Photographer: Rungroj Yongrit


They cannot see but they can hear and play music to make themselves and the audience happy.


The Thai Blind Orchestra is Thailand’s first orchestra of its kind and is made up of young musicians aged between 9 and 18 years who are blind, visually impaired and/or multiple disabled. It was established in 2014 from an idea of Alongkot Chukaew, who is the Director of Thai Elephants Research and Conservation Fund near the Khao Yai national park in Thailand's northeastern Nakhon Ratchasima province.


Chukaew, who is also a classical musician, teaches disabled children in his Elephant Education Program for Blind and Disabled Children, by using audible aids and the natural environment. He noticed that music caught the attention of his young blind students. So with the help of Kritsanapan Punsuk, a Thai volunteer, he decided to introduce his students to classical music and find out if an orchestra could help encourage these children.

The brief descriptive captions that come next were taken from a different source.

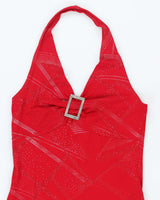 Y2k 00s Codigo Red Glitter Halter Neck Dress - S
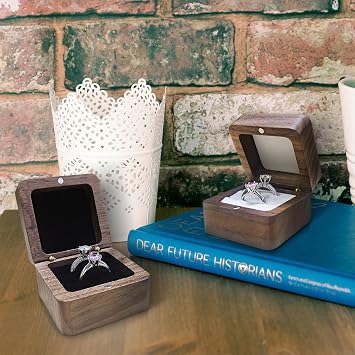 Wooden Ring Box, Mini Engagement Jewellery Box with Double Slot, Square Wedding Ring Box for Ring, Elegant and Retro Ring Holder for Wedding, Ceremony (white)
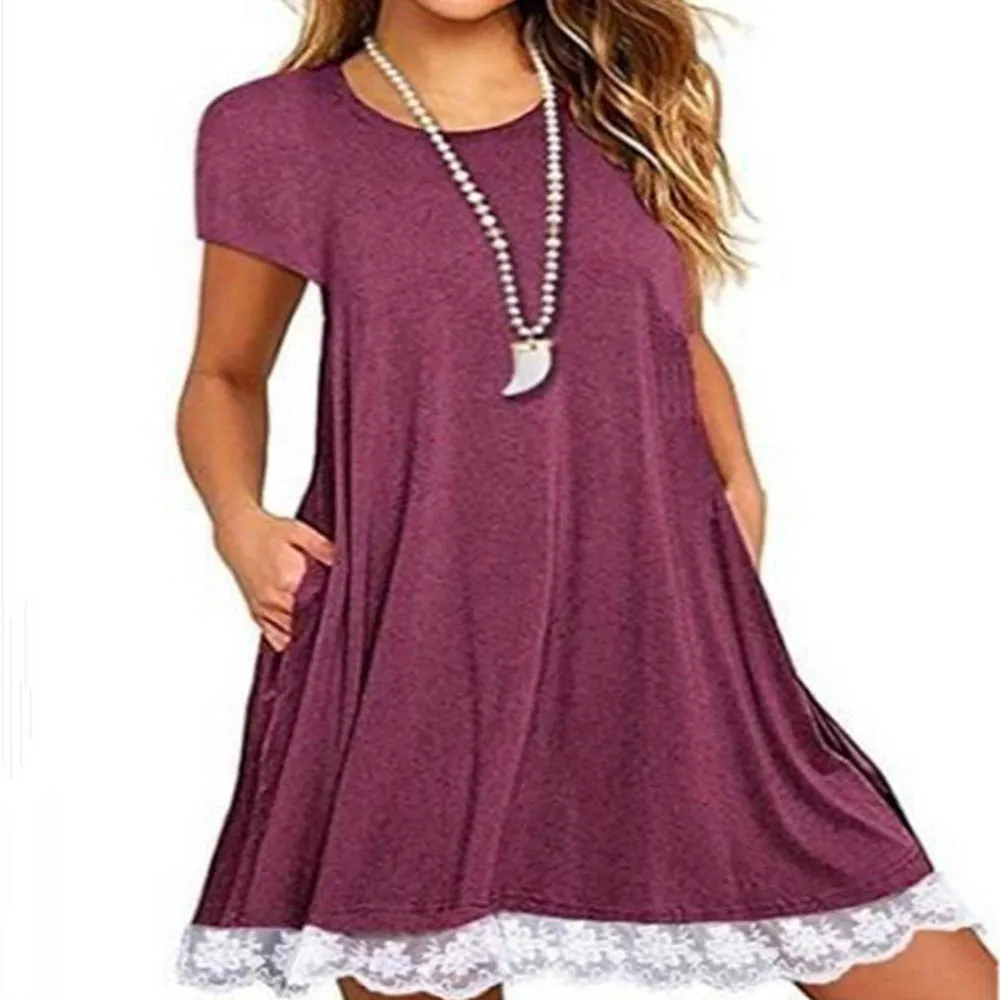 

Wipalo 2019 Fashion Popular Summer Women Lace Patchwork A-Line Swing Loose Tunic Top Blouse T-Shirt Dress Vestidos S-5XL
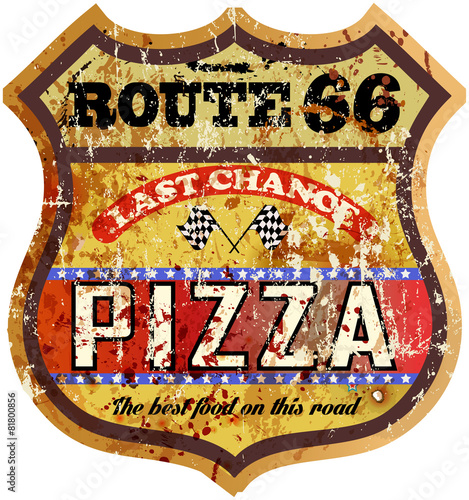 grungy, nostalgic route 66  pizza diner sign, vector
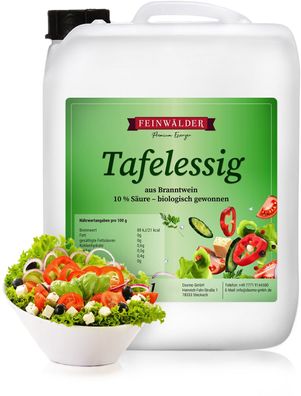 Feinwälder® Premium Tafelessig 10 Liter mit 10% Säure Biologisch gewonnener Essig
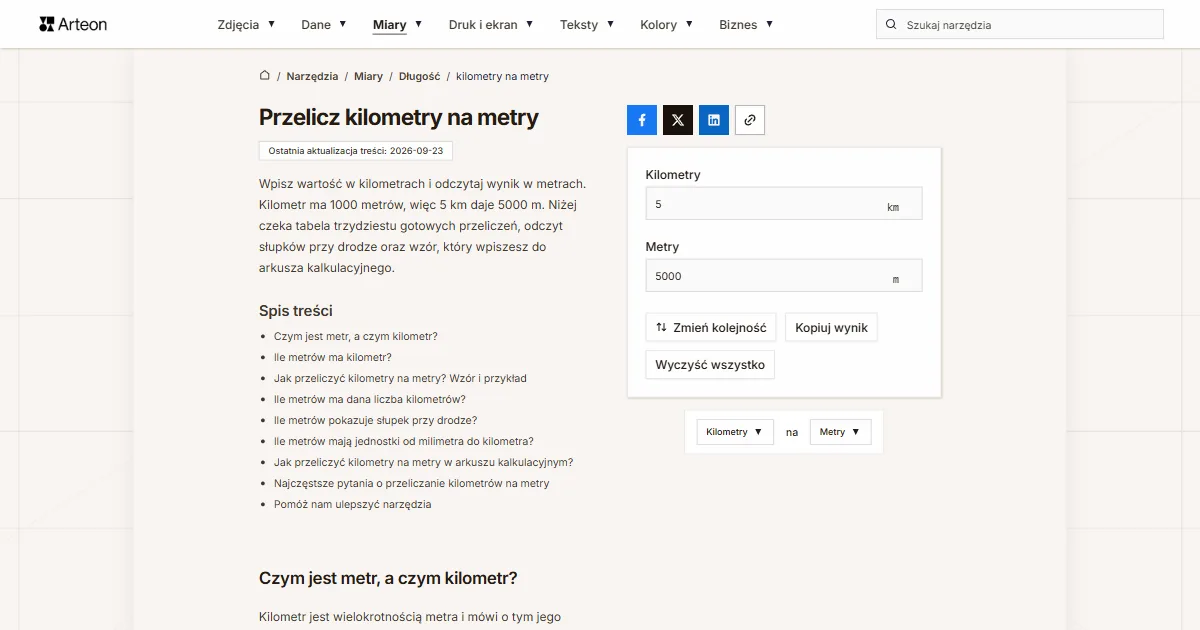 Zrzut ekranu darmowego narzędzia Arteon: Przelicz kilometry na metry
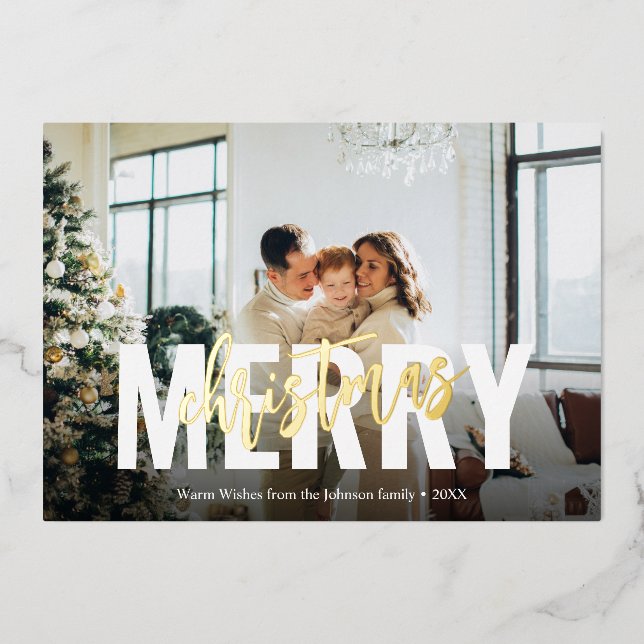 Merry Christmas Brush Script Photo Foil Holiday (Front)
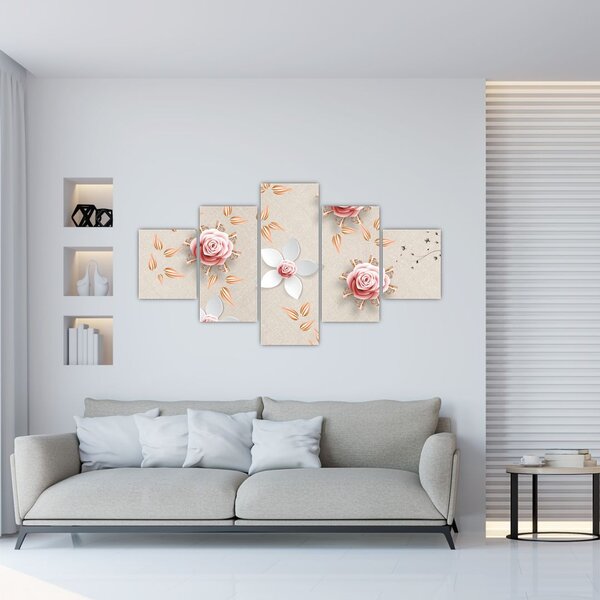 Obraz - Kwiaty róży (125x70 cm)
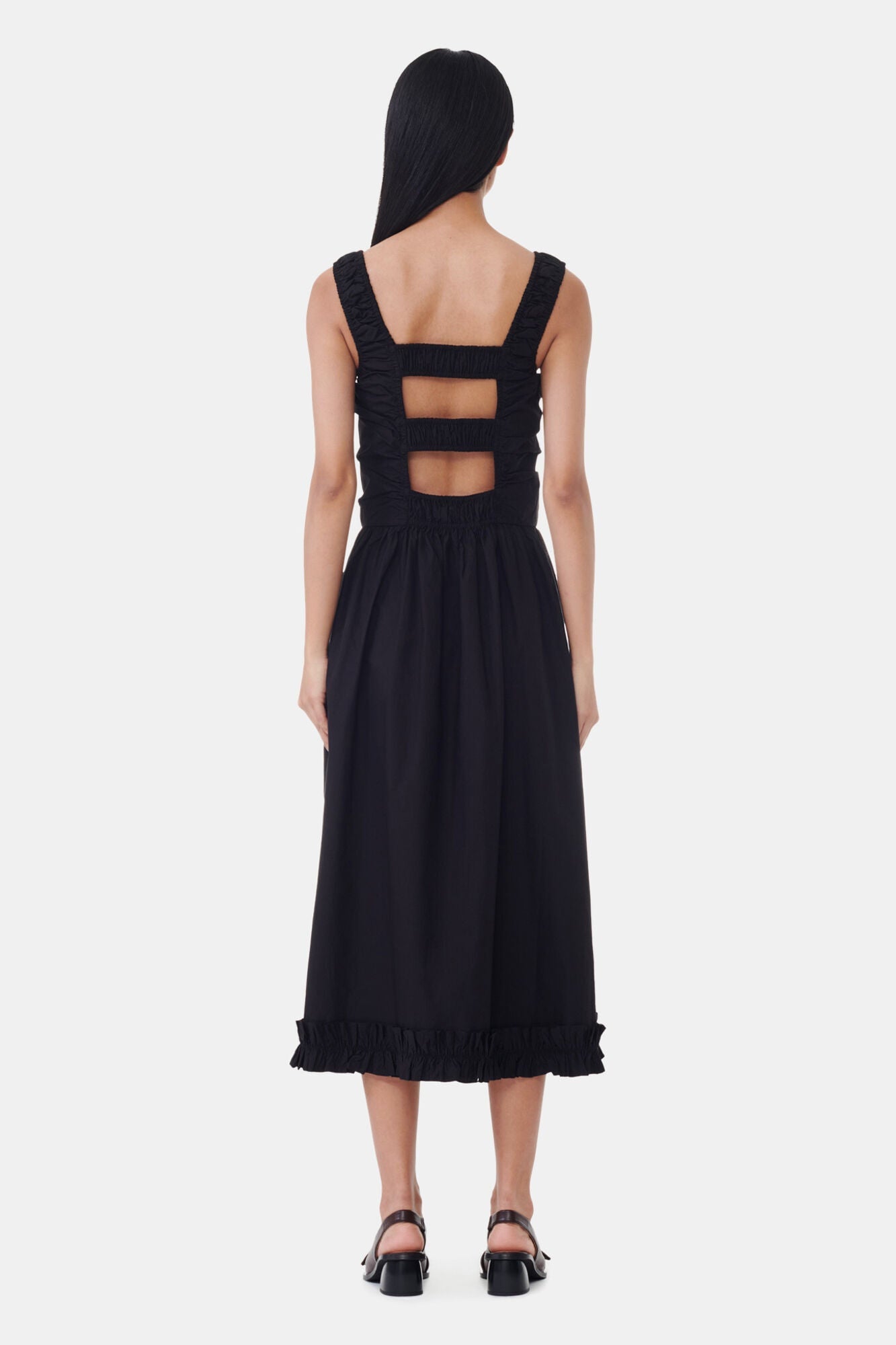 Cotton Poplin Midi Dress | Black (V2)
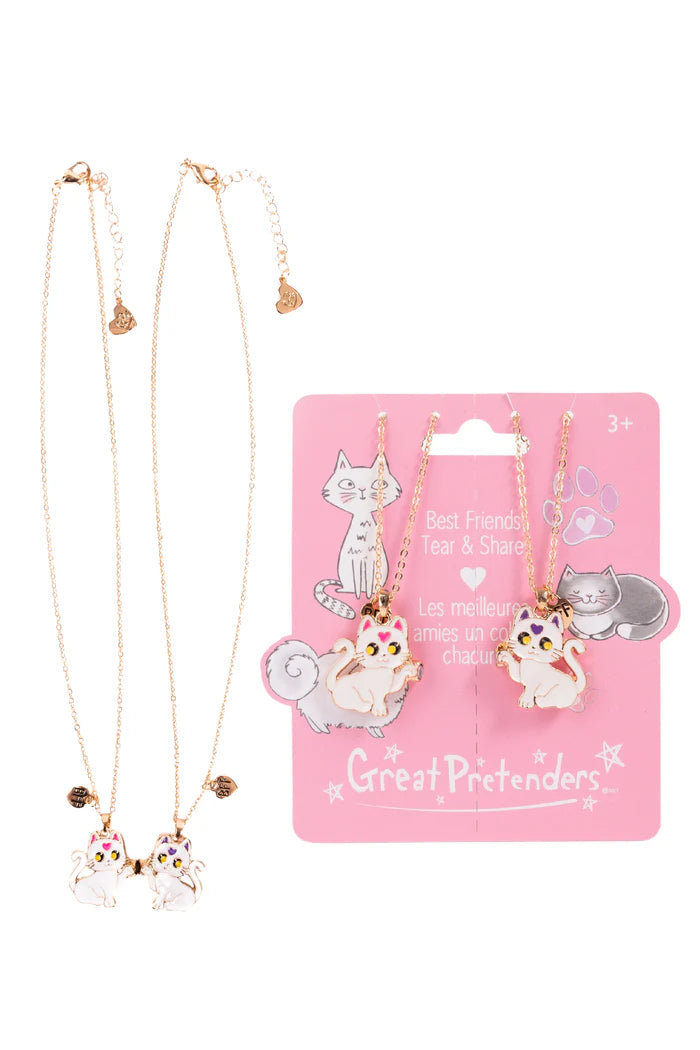 Great Pretenders Smitten Kitten Tear & Share Necklaces, 2pc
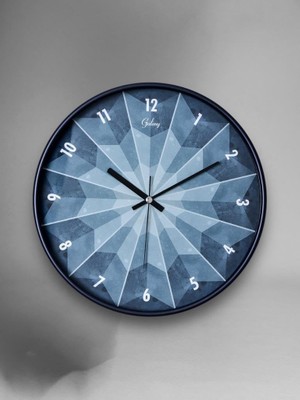 D-218-F-1 Modern Kadran 30 cm Sessiz Akar Duvar Saati Mavi
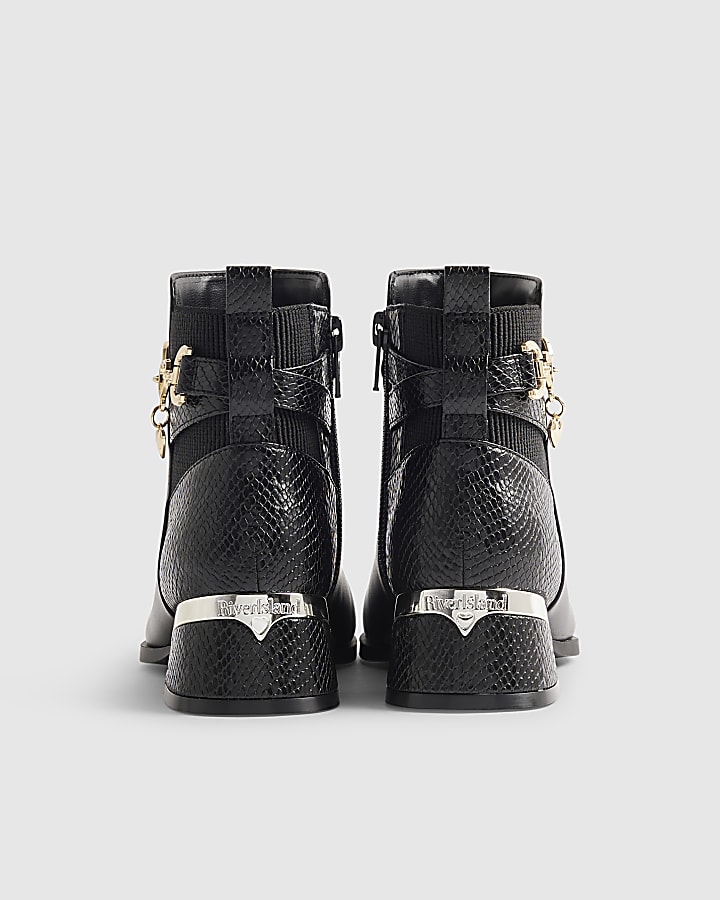 Girls Black Heel Croc Buckle Boots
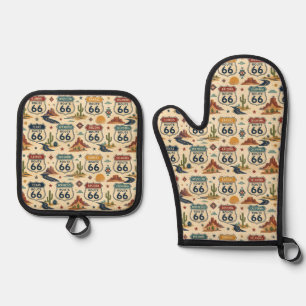 Ensemble De Gant De Cuisine Et De Manique Mitten de four rétro route 66 Décor de cuisine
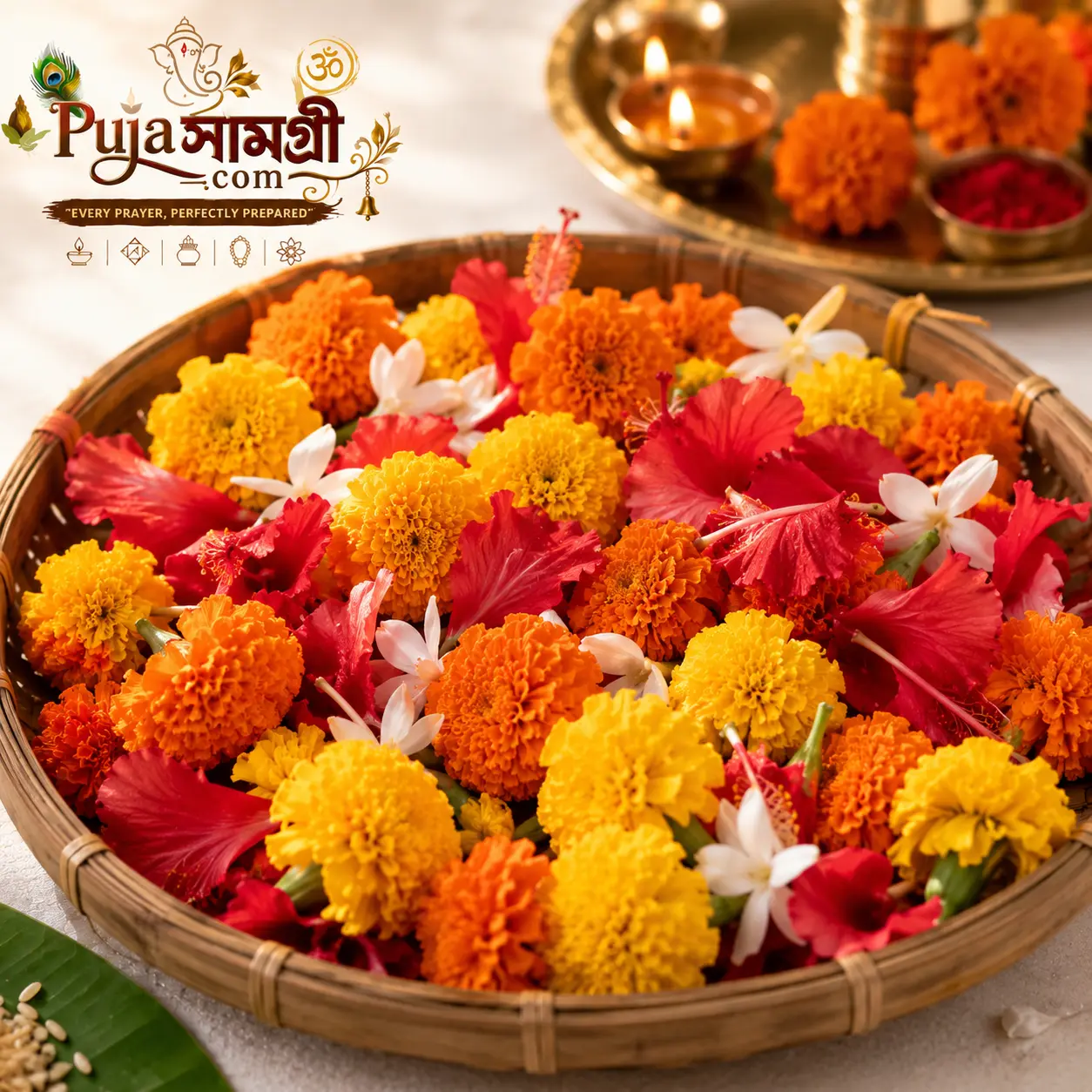 Fresh Mixed Puja Flowers | Premium Puja Flowers Online | PujaSamagrii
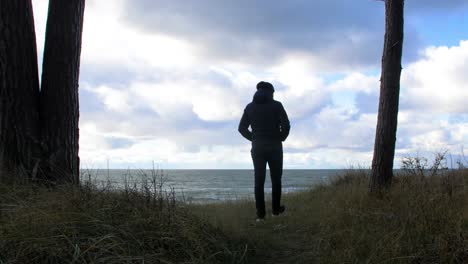 Back-view-of-caucasian-male-exploring-nordic-seaside-forest,-man-walking-alone-in-the-coastal-pine-forest-near-the-beach,-sunny-day-with-clouds,-healthy-activity-concept,-medium-wide-shot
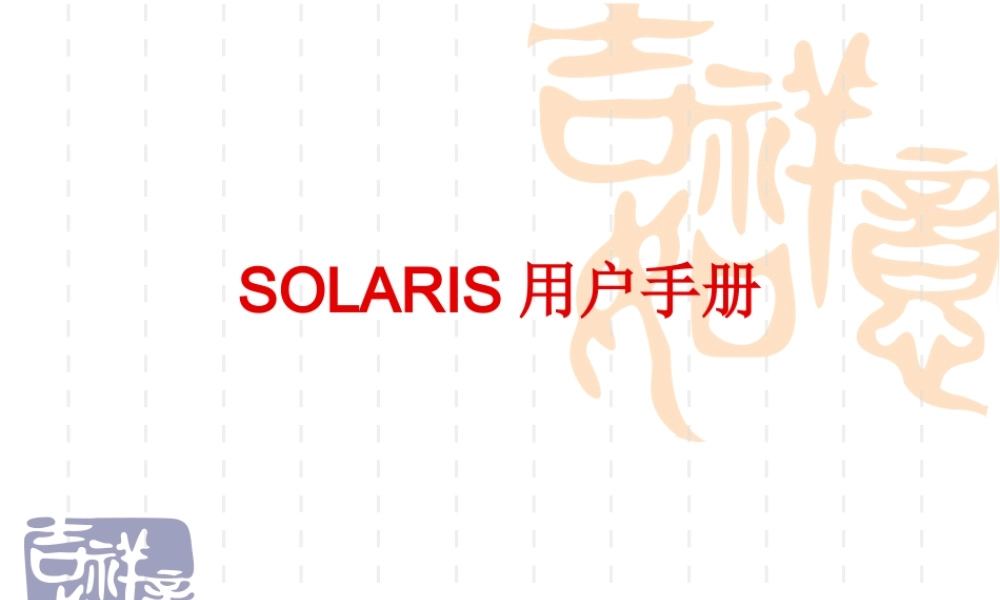SOLARIS用户手册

The young musicians of the Thai Blind Orchestra are all visually impaired, many are blind and some have low vision. They are taught by 23-year-old Kritsanapan Punsuk, who also conducts the band, and other young music graduate volunteers. Punsuk says, "None of the children had any musical skills before. It’s not easy to teach them because they cannot read music scores or see the musical instruments." The children were introduced to a braille system to read music and are taught individually to memorize the positions of their fingers when playing their instruments. Some of the children need up to two years to learn how to play an instrument and perform music.


The orchestra is funded by several charitable organizations and all the musical instruments are donated. Every year, the orchestra performs several shows to raise funds and even appears on a live television show.


In 2016, the Thai Blind Orchestra performed a show at a Rotary Club ceremony held to raise funds to benefit the blind and visually impaired. Sixteen visually impaired children had been gathering for rehearsals since early May at the 'School for the Blind and the Blind with Multi-Handicapped' in the city of Lopburi province. The young musicians performed four classical Thai songs, including a song written by Thai King Bhumibol Adulyadej, as well as scores by Mozart during the event held at a Bangkok hotel. In every show they also perform a modern Thai song titled 'A Starfish Tale'. The last part of the song's lyrics goes: 'Don't be afraid to be unlike others. Although you are different, you are only yourself.'


In Thailand, Buddhist devotees believe in karma and attitudes towards disability suggest that disabled people are to surrender and accept their fate. In spite of this, Alongkot Chukaew and his volunteers have created the Thai Blind Orchestra with the aim of using music to encourage children and help change negative attitudes towards disability.